### Exercise input
= = = =

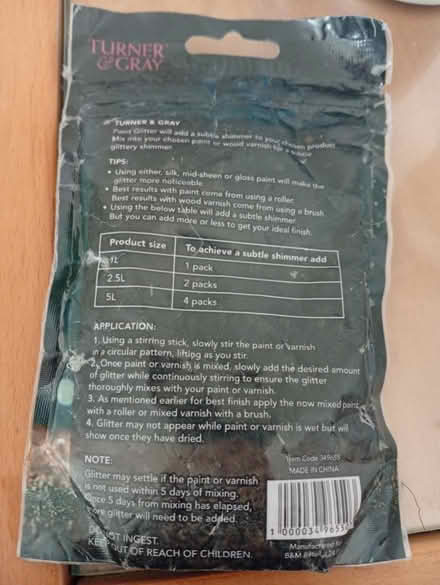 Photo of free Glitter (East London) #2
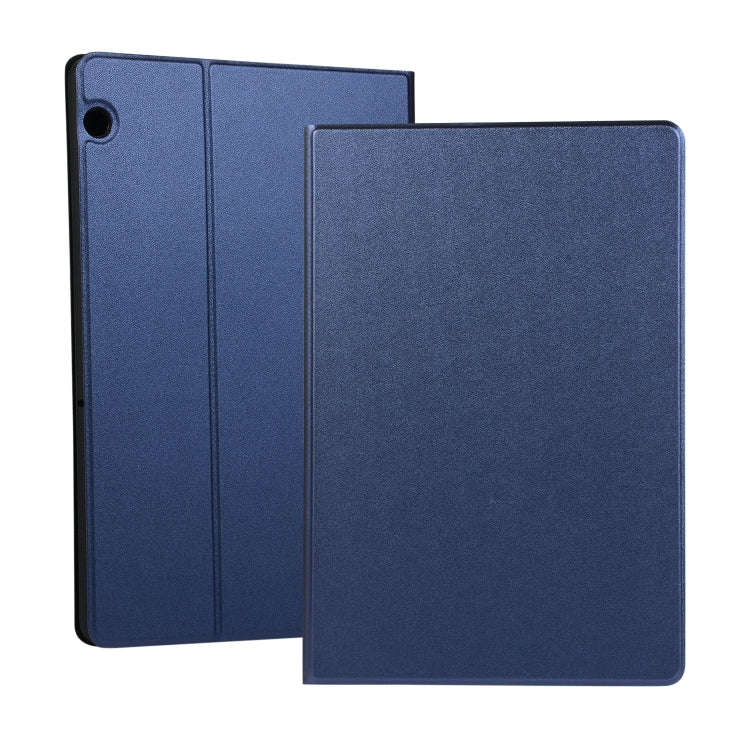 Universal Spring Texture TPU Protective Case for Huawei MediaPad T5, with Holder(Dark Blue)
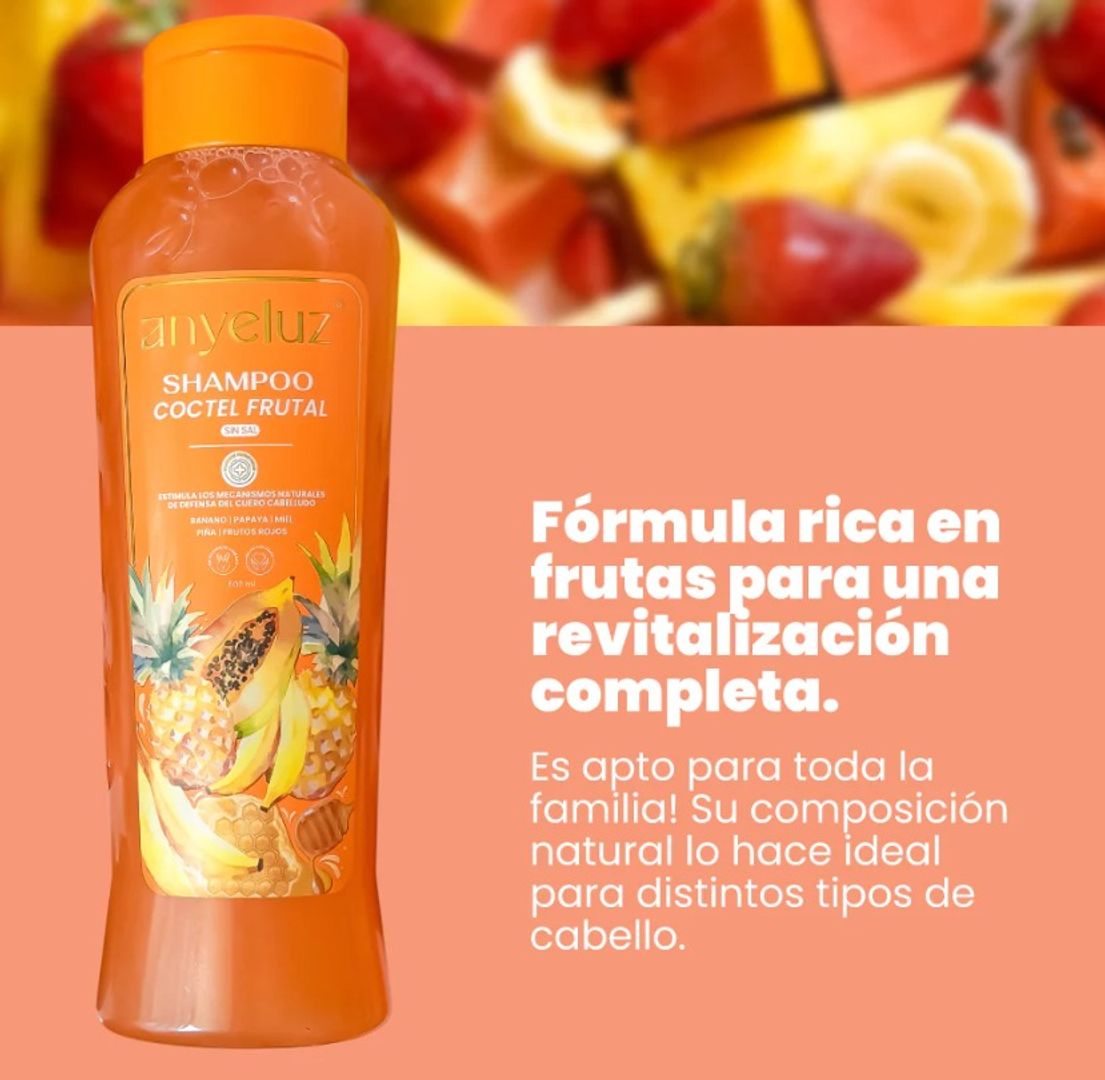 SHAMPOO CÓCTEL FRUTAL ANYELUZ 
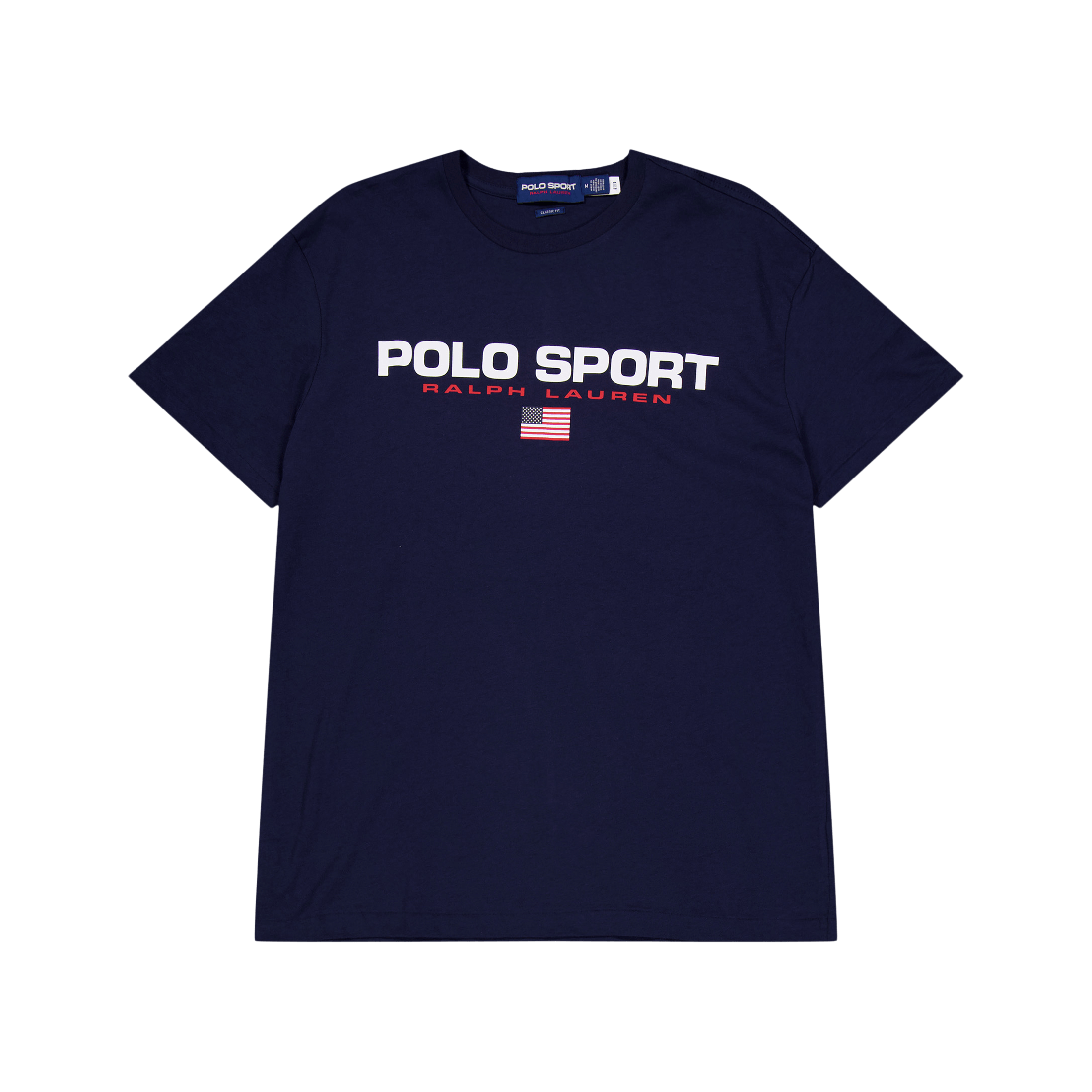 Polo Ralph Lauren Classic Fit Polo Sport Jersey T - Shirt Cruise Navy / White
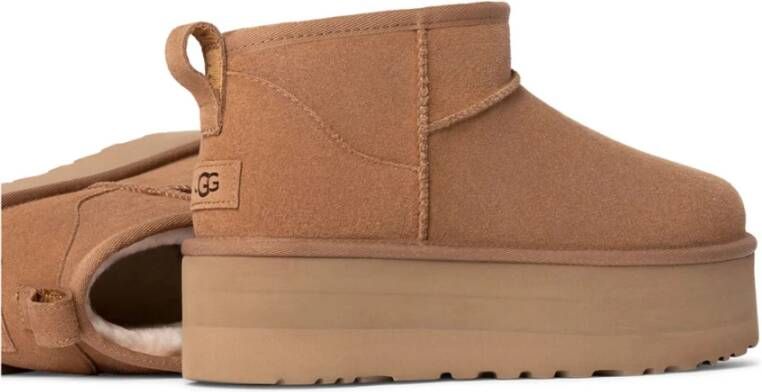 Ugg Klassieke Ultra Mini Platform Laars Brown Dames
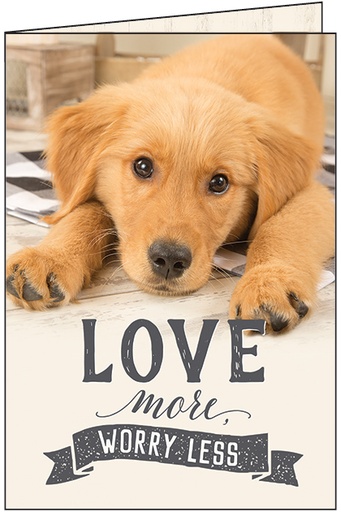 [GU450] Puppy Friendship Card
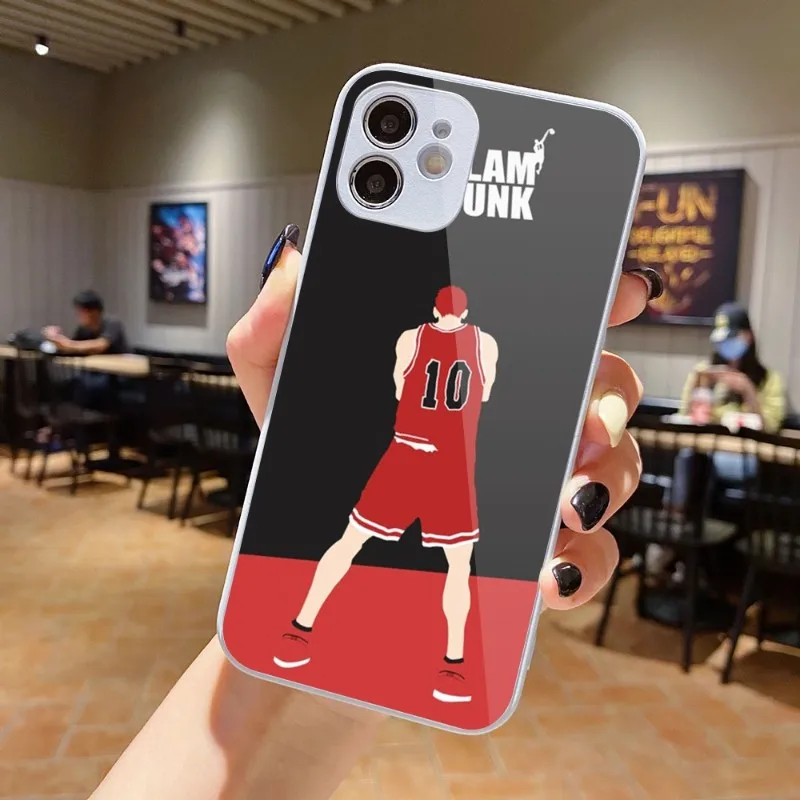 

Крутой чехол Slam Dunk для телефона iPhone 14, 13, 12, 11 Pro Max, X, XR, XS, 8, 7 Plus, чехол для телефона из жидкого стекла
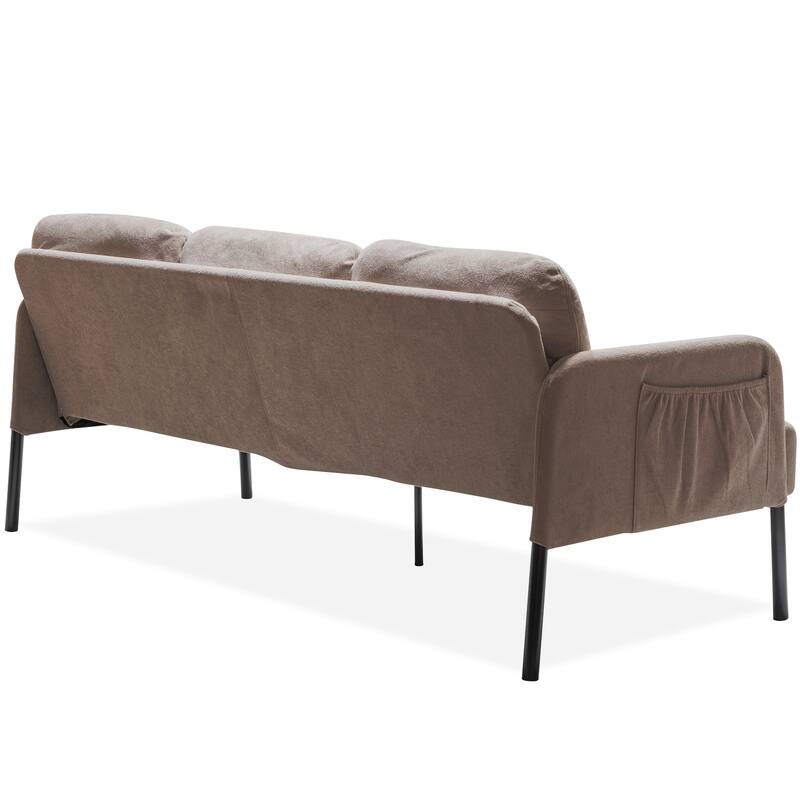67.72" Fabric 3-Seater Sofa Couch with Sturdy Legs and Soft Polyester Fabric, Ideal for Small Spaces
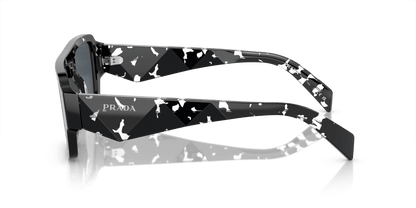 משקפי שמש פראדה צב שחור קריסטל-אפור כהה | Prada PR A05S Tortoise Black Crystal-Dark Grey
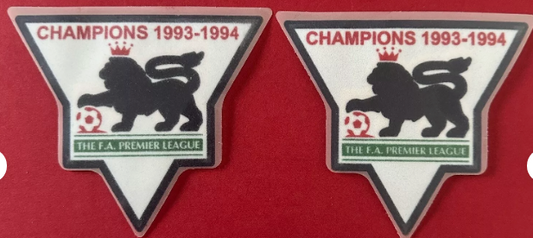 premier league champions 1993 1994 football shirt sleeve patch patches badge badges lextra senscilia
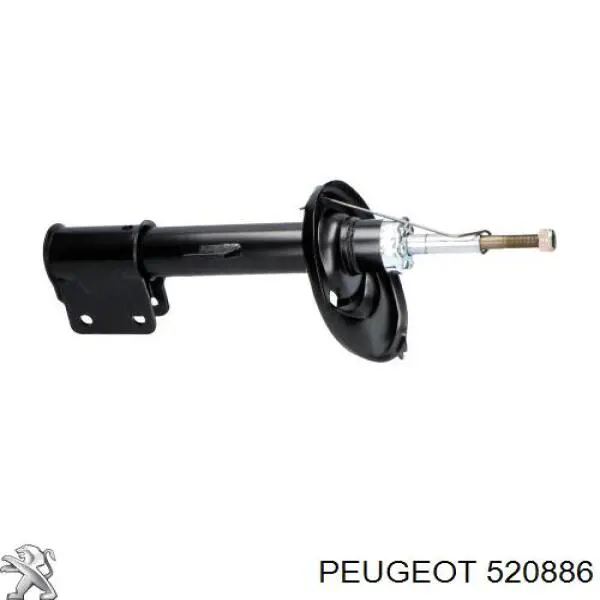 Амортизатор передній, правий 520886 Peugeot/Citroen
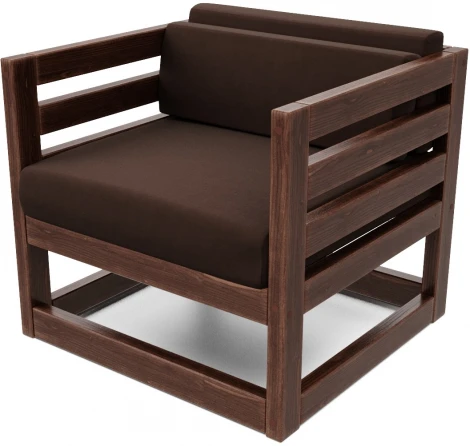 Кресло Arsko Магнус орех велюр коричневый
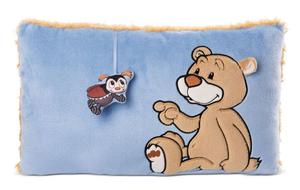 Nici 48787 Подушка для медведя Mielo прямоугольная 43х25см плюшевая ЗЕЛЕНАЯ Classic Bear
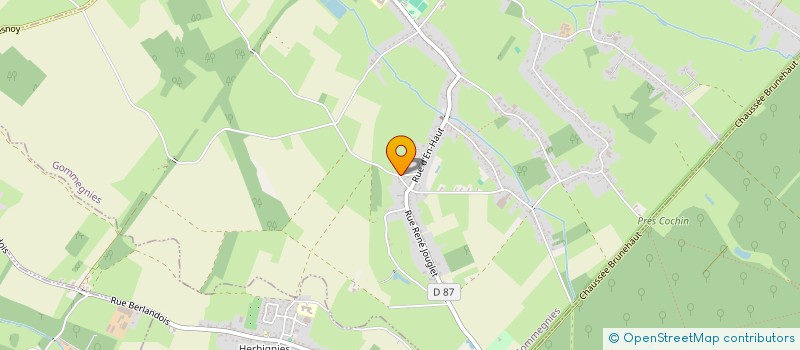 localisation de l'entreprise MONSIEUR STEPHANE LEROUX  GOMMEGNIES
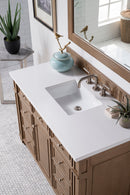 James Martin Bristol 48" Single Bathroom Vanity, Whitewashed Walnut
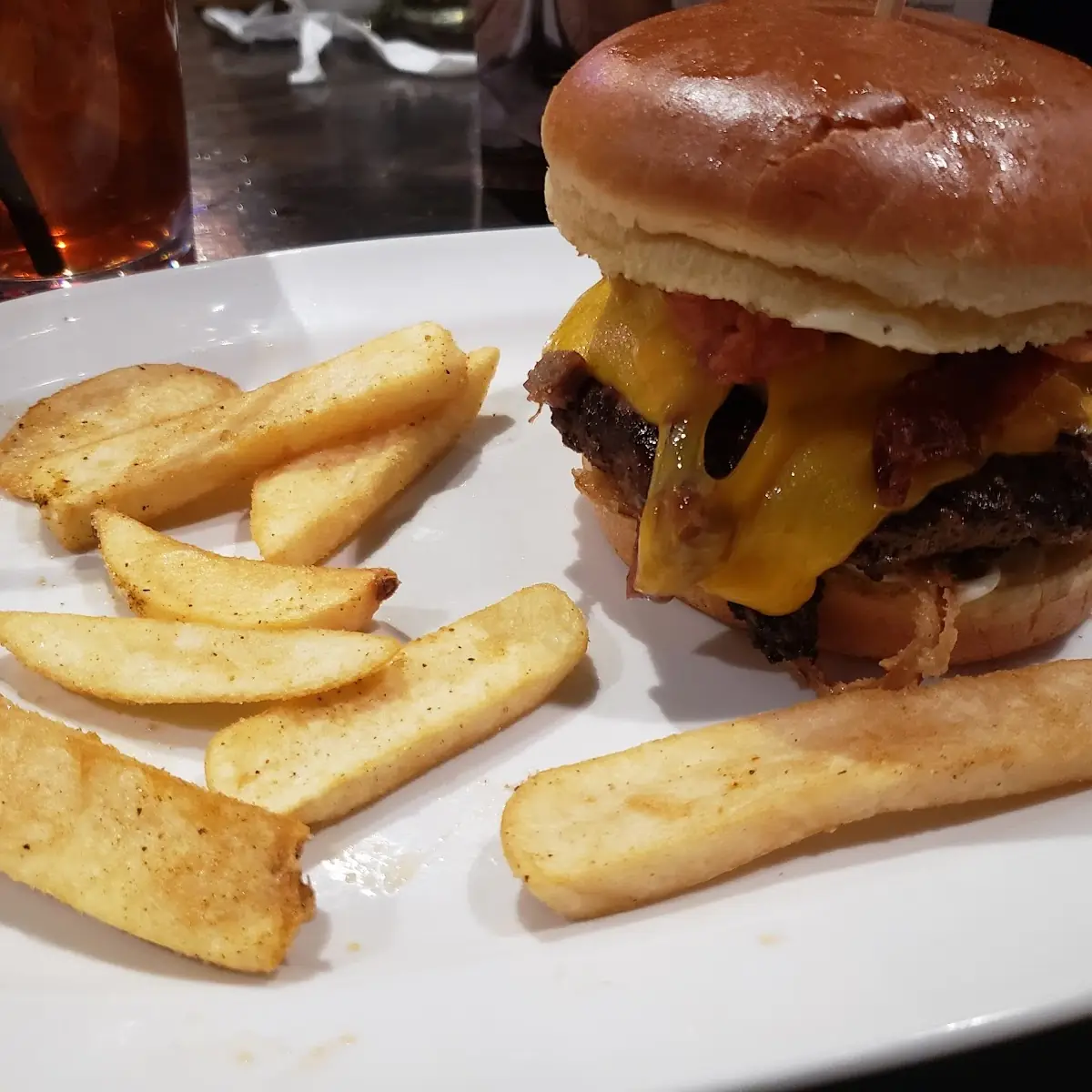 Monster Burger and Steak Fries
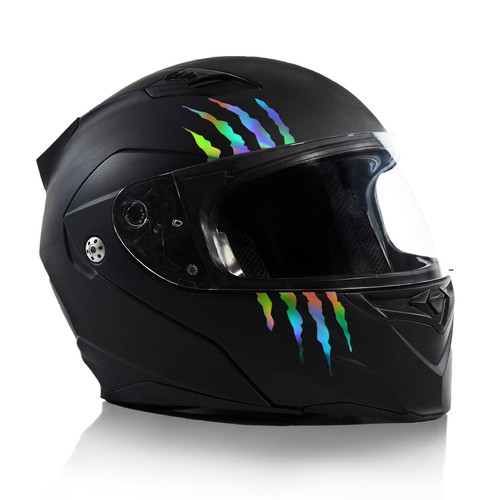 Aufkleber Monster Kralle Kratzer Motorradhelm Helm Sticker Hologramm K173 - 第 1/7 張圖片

= = = =

### Exercise description
Look above for the line holding "premier league champions" and output everything from it down to the line holding "Кресло Arsko Магнус орех велюр коричневый", both ends included, exactly and without images.

### Response area
 premier league champions 1993 1994 football shirt sleeve patch patches badge badges lextra senscilia
 Амортизатор передній, правий 520886 Peugeot/Citroen
 Кресло Arsko Магнус орех велюр коричневый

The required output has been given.